Bankers and insurance executives are meeting in Paris today to press ahead with efforts to restructure Greece's government debt into a more manageable repayment time frame.
The Paris meeting is being chaired by Charles Dallara, managing director of the Institute of International Finance -- a banking lobby group.
Sources involved said the meeting is one of a series aimed at hammering out the details of private sector participation in the second Greek bailout.
The bankers will consider a version of the French government plan to roll Greek government bonds that they hold for up to 30 years and will also discuss possible buyback deals, according to sources.
A more informal session was held last night.
The bankers are supportive, or at least resigned, to the outlines of a French government proposal for private-sector lenders volunteering to reloan the majority of cash they are owed by the Greek government back to the country.
The money will be reloaned at higher interest rates than Greece currently pays, but at less than the market would command today.

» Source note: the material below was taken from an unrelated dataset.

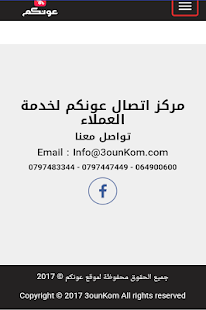 3ounkom(圖5)-速報App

The new bonds will benefit from extra security -- possibly including a claim on a pool of high-quality European Union-backed bonds. The bankers' concern now is to ensure a deal is structured to avoid triggering adverse accounting treatment of the new bonds.
Analysts say it is also clear the European Central Bank (ECB) will cherry-pick the best rating it can find for Greece to facilitate the French-style plan.
On Monday, markets were weaker after ratings agency S&P said it was likely to treat the French plan as a selective (ie limited) default.
Yesterday, German Chancellor Angela Merkel indicated that decisions by rating agencies would not be allowed to block a deal on Greece.
"As far as the rating agencies are concerned, I think it's important that we -- and by this I mean primarily the troika, the IMF, the European Central Bank and the EU commission -- don't surrender our own ability to judge," Ms Merkel told reporters in Berlin yesterday.
With so many moving parts still in play, bond markets remain volatile.
Irish 10-year government bonds traded very slightly better last night, closing at a yield of 11.309pc, while Greek bonds were more than half a per cent weaker at 25.95pc.